Glacier retreat is not only responsible for water scarcity and low river levels; it may also cause the opposite: flood. While the snow and firn layers of a glacier usually act as an interim store for precipitation and, hence, only allow it to run off slowly, the water on a snow-free (aper) glacier surface runs directly into the glacial stream. It unites with the large volumes of meltwater already in the stream and thus raises the flood peak. Although the glacial meltwater does not trigger the flood, it does intensify it.

Lake outbursts

The consequences of retreating glaciers may be more dramatic if the meltwater is dammed by a moraine situated in front of a glacier (frontal moraine), forming a "proglacial lake". A frontal moraine wall mainly consists of material that was deposited there by the glacier during an earlier advance.
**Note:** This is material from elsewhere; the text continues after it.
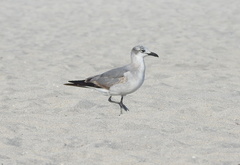 Leucophaeus atricilla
The rising inflow of meltwater may fill the lake to overflowing or cause erosion of the moraine dam, threatening a torrent of water, ice, and rubble. Currently, there is a threat of GLOF (glacial lake outburst flood) at numerous glaciers in Switzerland (e.g. at the Gruben Glacier, Canton Valais, and the Trift Glacier, Canton Berne) and in Nepal, where lakes are fed by 2,300 of the 3,300 glaciers there. However, glacial lakes may also be formed by advancing glaciers if a side valley is sealed off by the ice masses and a stream of water is dammed.